Een printer aan je wifinetwerk toevoegen
Je kunt een of meer AirPrint-, wifi-, Ethernet-, USB- of WPS-printers aansluiten op het wifinetwerk.
AirPrint-, wifi-, Ethernet- of USB-printer: Nadat je de printer hebt aangesloten op het basisstation of de Time Capsule, kunnen alle computers in het netwerk afdrukken op de printer. Als de printer AirPrint ondersteunt, kunnen iOS-apparaten de printer ook gebruiken.
WPS-printer: Nadat je een printer met WPS-ondersteuning hebt toegevoegd aan een draadloos netwerk dat is beveiligd met een WPA/WPA2- of WPA2-wachtwoord, kun je afdrukken zonder dat je het wachtwoord voor het netwerk hoeft in te voeren. (Raadpleeg de documentatie bij de draadloze printer om na te gaan of de printer ondersteuning biedt voor WPS.)
Een AirPrint-, wifi-, Ethernet- of USB-printer aansluiten
Voer een van de volgende stappen uit:
Draadloos aansluiten: Gebruik de interface van de printer om deze toe te voegen aan het draadloze netwerk. Raadpleeg de documentatie bij de printer voor instructies.
Aansluiten met een USB- of Ethernet-kabel: Sluit het ene uiteinde van de kabel aan op de printer en sluit het andere uiteinde aan op de USB-poort of de Ethernet-poort van het basisstation.
Kies Apple-menu > 'Systeemvoorkeuren' en klik op 'Printers en scanners'.
Open het paneel 'Printers en scanners' in Systeemvoorkeuren
Selecteer je printer in de lijst. Als de printer niet in de lijst staat, klik je op de knop met het plusteken , selecteer je de printer en klik je op 'Voeg toe'.

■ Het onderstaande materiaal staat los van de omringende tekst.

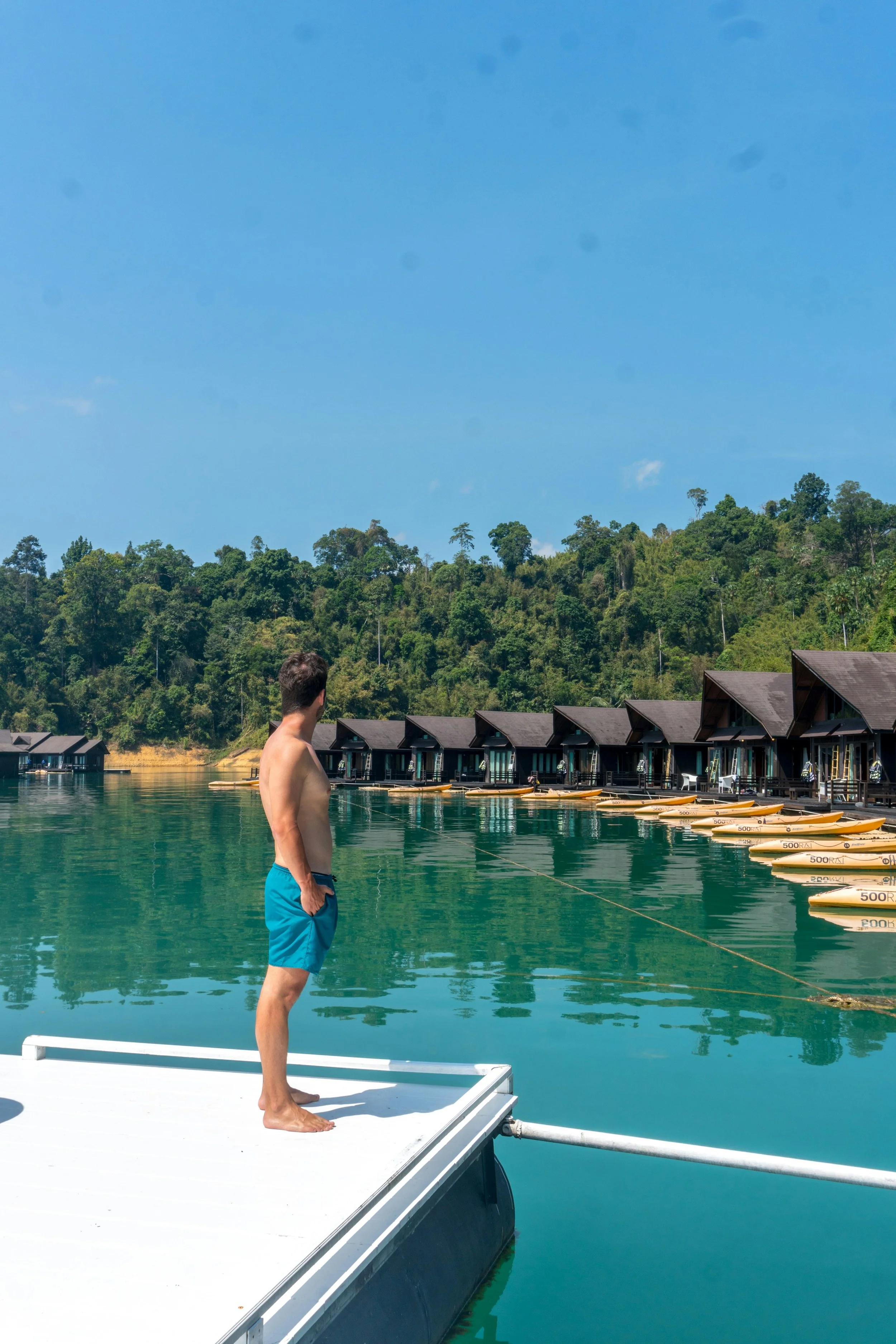 A man in blue shorts stands on a dock, looking at a row of overwater bungalows and kayaks lined up along a calm, greenish lake. Green hills and a blue sky are in the background.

Zie het onderwerp Een printer toevoegen of verwijderen en het Apple Support-artikel Een AirPrint-printer verbinden met een wifinetwerk voor meer informatie.
Opmerking: Er worden mogelijk geen fout- of statusberichten weergegeven als de printer is verbonden met een basisstation. Je ontvangt dan bijvoorbeeld geen bericht als het papier op is of als de printer bezet is.
Een WPS-printer op je netwerk aansluiten
Open AirPort-configuratieprogramma (in de map 'Hulpprogramma's' in de map 'Programma's').
Selecteer je basisstation in het grafische overzicht en klik op 'Wijzig'. Het kan zijn dat je een wachtwoord moet invoeren voor het basisstation.
Kies 'Basisstation' > 'Voeg WPS-printer toe'.
Geef aan hoe je de printer wilt toevoegen aan het netwerk:
Selecteer 'Pincode' om de achtcijferige code in te voeren voor de printer die om netwerktoegang vraagt.
Selecteer 'Eerste poging' om netwerktoegang te verlenen aan de eerste printer die verbinding met het netwerk probeert te maken.
Kies Apple-menu > 'Systeemvoorkeuren' en klik op 'Printers en scanners'.
Open het paneel 'Printers en scanners' in Systeemvoorkeuren
Selecteer je printer in de lijst. Als de printer niet in de lijst staat, klik je op de knop met het plusteken , selecteer je de printer en klik je op 'Voeg toe'.
Nadat de printer is verbonden met het netwerk, kies je de printer in het paneel 'Printers en scanners' van Systeemvoorkeuren.
Een WPS-printer uit je netwerk verwijderen
Open AirPort-configuratieprogramma (in de map 'Hulpprogramma's' in de map 'Programma's').
Selecteer in het grafische overzicht het basisstation dat je wilt configureren en klik op 'Wijzig'. Het kan zijn dat je een wachtwoord moet invoeren voor het basisstation.
Klik op 'Netwerk', klik op 'Tijdgebonden toegangscontrole', selecteer de printer en klik op de knop met het minteken .
Om de wijzigingen te bewaren, klik je op 'Bewaar' en vervolgens op 'Werk bij'.